With every picture left out, give the data below back exactly.
----
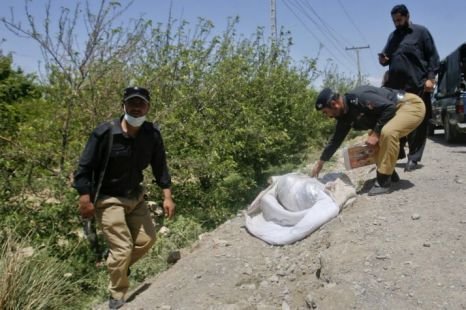 Σοκ - Αποκεφαλισμένος, μέσα σε μια σακούλα, βρέθηκε βρετανός γιατρός [εικόνες] | iefimerida.gr 1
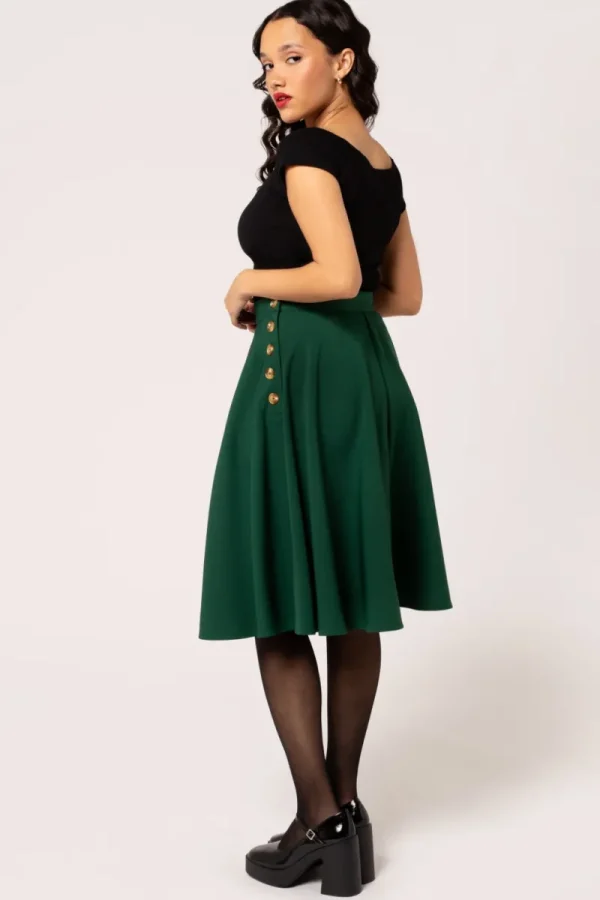 Hell Bunny Skirts | Skirts>Ravenwood Skirt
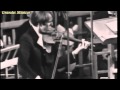 Gidon kremer - Executa Tchaikovsky, Ysaye, Elgar -- ELISABETH COMPETITION (HD)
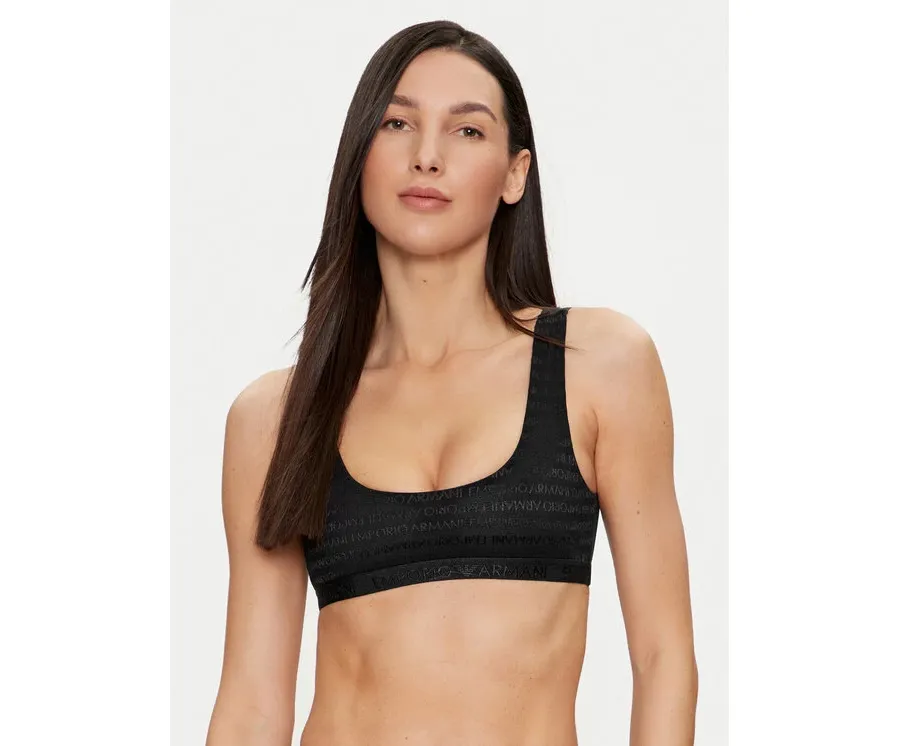 obrazek 1 Emporio Armani Underwear Biustonosz top 164232 3F204 00020 Czarny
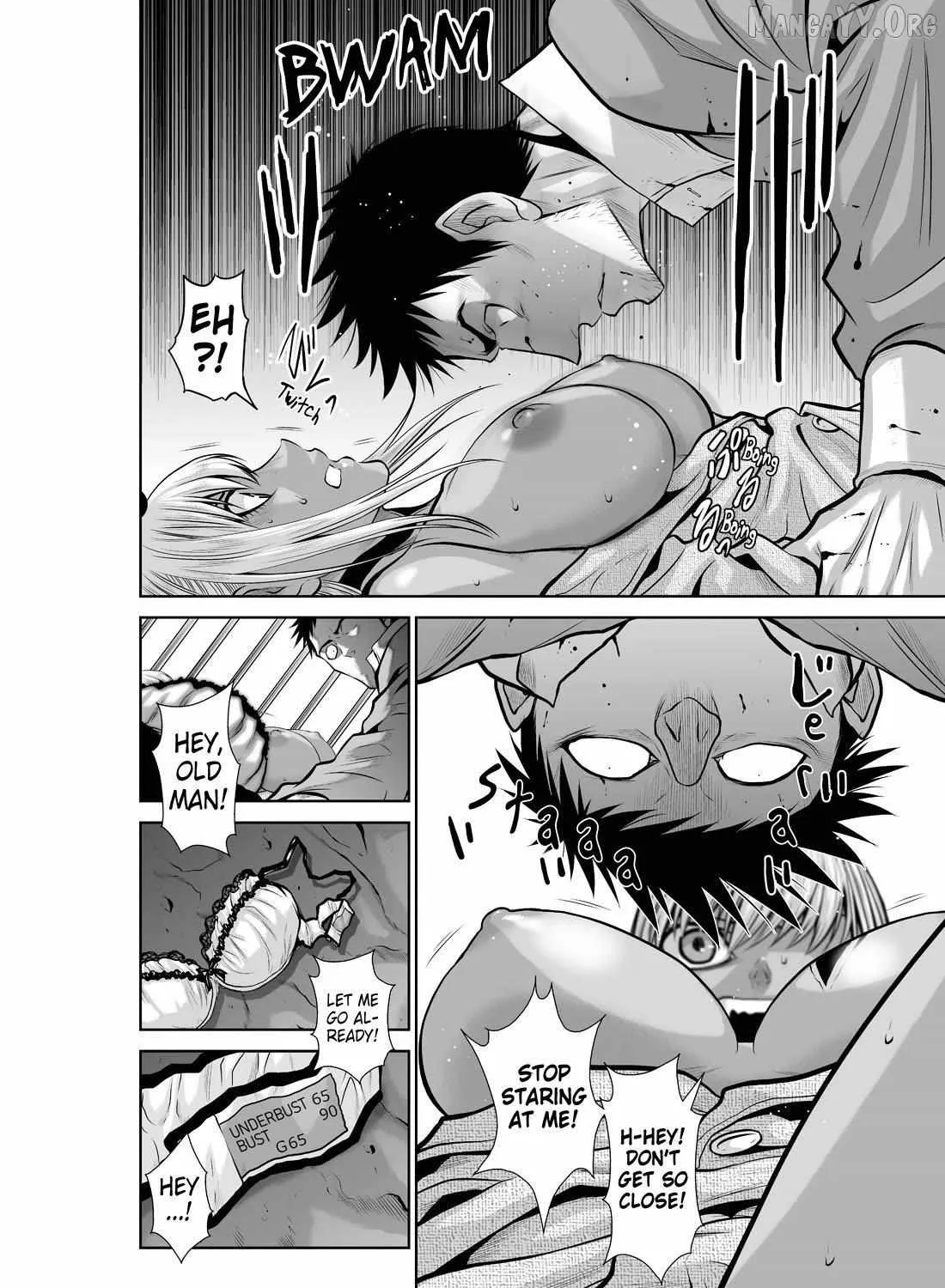 Read Chijou 100-kai chapter 27.1 image 39 on Lezhin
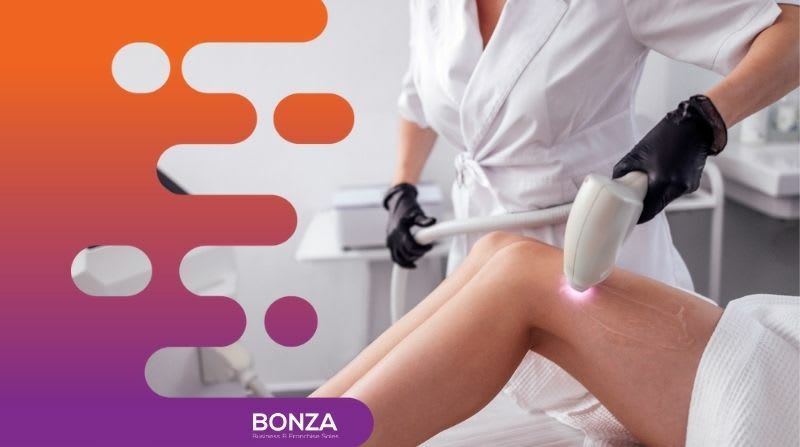 35437 Thriving Beauty Salon with Loyal Clientele & Cutting-Edge Treatments 35437 Thriving Beauty Salon with Loyal Clientele & Cutting-Edge Treatments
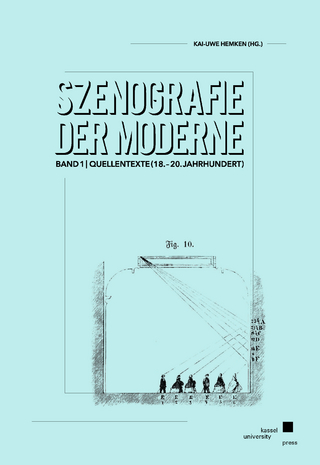 Szenografie der Moderne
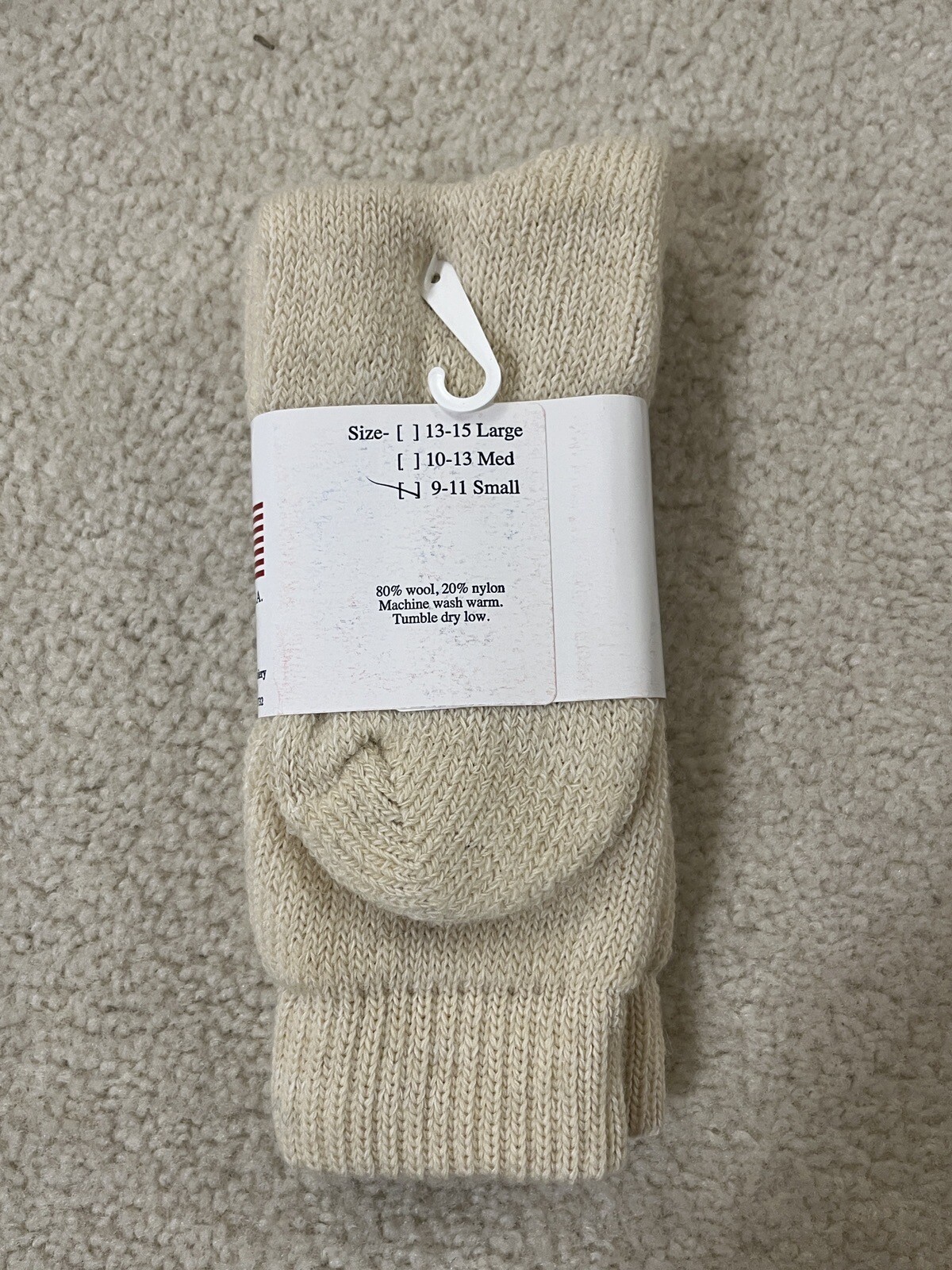 Wool Socks USGI Authentic DSCP Socks All Sizes BRAND NEW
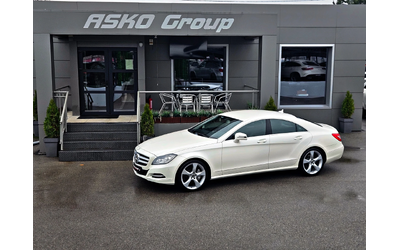 Mercedes-Benz CLS 350 AMG/4MATIC/GERMANY/LED/ПОДГРЕВ/AMBIENT/MEMORY/LIZI - автомобили, коли, обяви за нови и употребявани 16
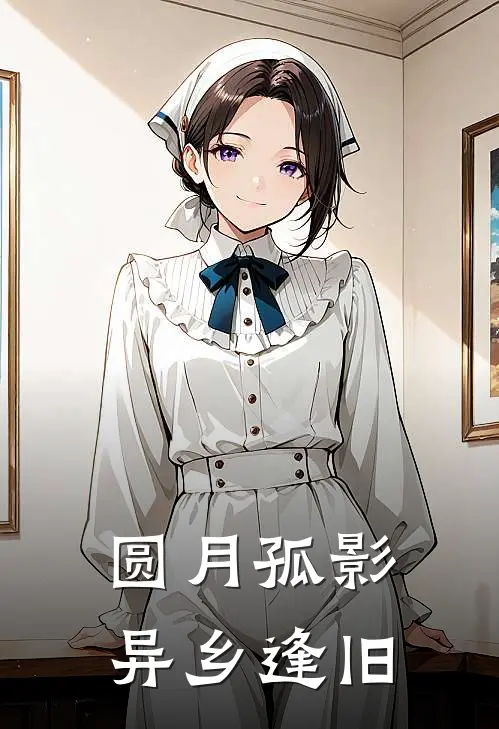 圆月孤影,异乡逢旧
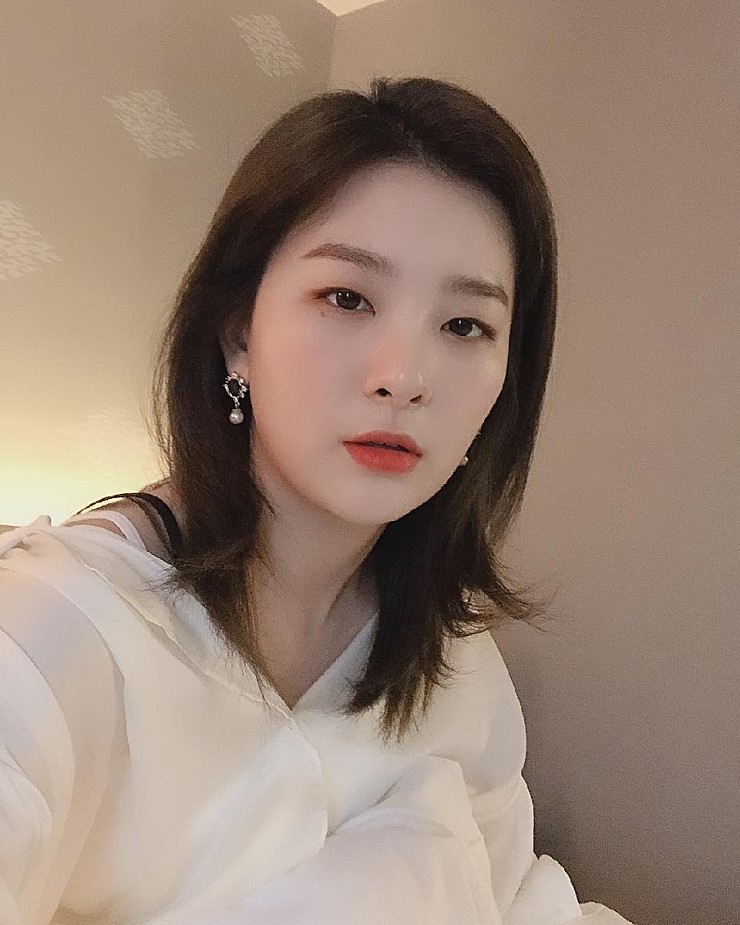 설날맞이 슬기 인스타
----
* _Answer space_:
 Σοκ - Αποκεφαλισμένος, μέσα σε μια σακούλα, βρέθηκε βρετανός γιατρός [εικόνες] | iefimerida.gr 1
 Hell Bunny Skirts | Skirts>Ravenwood Skirt
 Gidon kremer - Executa Tchaikovsky, Ysaye, Elgar -- ELISABETH COMPETITION (HD)
 obrazek 1 Emporio Armani Underwear Biustonosz top 164232 3F204 00020 Czarny
 Read Chijou 100-kai chapter 27.1 image 39 on Lezhin
 35437 Thriving Beauty Salon with Loyal Clientele & Cutting-Edge Treatments 35437 Thriving Beauty Salon with Loyal Clientele & Cutting-Edge Treatments
 Szenografie der Moderne
 Wool Socks USGI Authentic DSCP Socks All Sizes BRAND NEW
 Mercedes-Benz CLS 350 AMG/4MATIC/GERMANY/LED/ПОДГРЕВ/AMBIENT/MEMORY/LIZI - автомобили, коли, обяви за нови и употребявани 16
 圆月孤影,异乡逢旧
 설날맞이 슬기 인스타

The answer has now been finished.